NELE HERTLING

Nele Hertling, Director of the Performing Arts - Academy of Arts Berlin
©Inge Zimmermann

WHAT DEFINES EUROPE?

I belong to a generation for whom, as children, the experience of war became very conscious and present. Most of the neighbours around us in Germany were our “enemies” — that is why the war was fought.  
The end of the war was officially regarded as a 'collapse,' understood by only a few as a “liberation.” I myself, the child of a Jewish mother and raised in an atmosphere of resistance and fear, struggled to find my bearings within this contradiction between the relief at home and the feelings of a “lost” war, as it was conveyed by the surrounding environment.  
When, at the beginning of the 1960s, I spent holidays with my children on the Dutch coast, I had to deal with the fact that the local children were prevented from playing with the “Germans.” And in Paris we tried, on the street or in the metro, to avoid speaking German as much as possible.  
What could Europe mean for us? What defines it after these experiences? 

A Europe as I envision it, and for which we commit ourselves with conviction, is a large community of people of the most diverse origins, languages, histories, and cultures, yet held together by curiosity about one another, by an awareness of differences and the tolerance that arises from them — unity in diversity is, for me, the European idea.
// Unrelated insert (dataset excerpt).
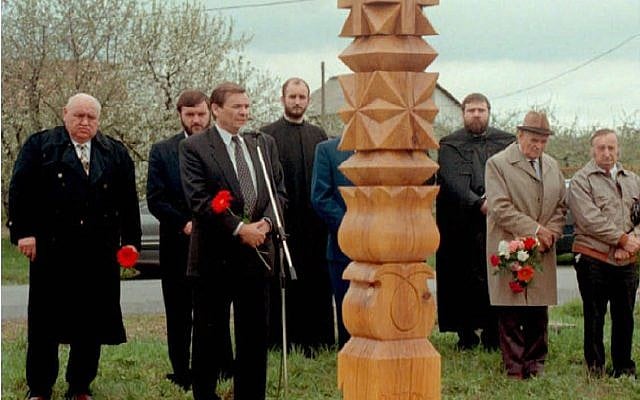 Sandor Lezsak, 3rd left, delivers his speech during the inauguration of a wooden memorial at Nyirpazony, Sunday, 19 April, 1998, for the memory of Briton Michael Trevor Pollard. (AP/SandorBarna) Sandor Lezsak, 3rd left, delivers his speech during the inauguration of a wooden memorial at Nyirpazony, Sunday, 19 April, 1998, for the memory of Briton Michael Trevor Pollard. (AP/SandorBarna)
This can only be achieved if we, the citizens of Europe, understand that it is we who must actively participate and ourselves assume responsibility in this process. The shaping of a Europe of citizens cannot be left solely to anonymous institutions and politicians.  
Europe is a vast geographically defined space in which all who inhabit and enter it can move freely and feel welcomed with respect. The overwhelming diversity that this space offers makes it an exciting and challenging task.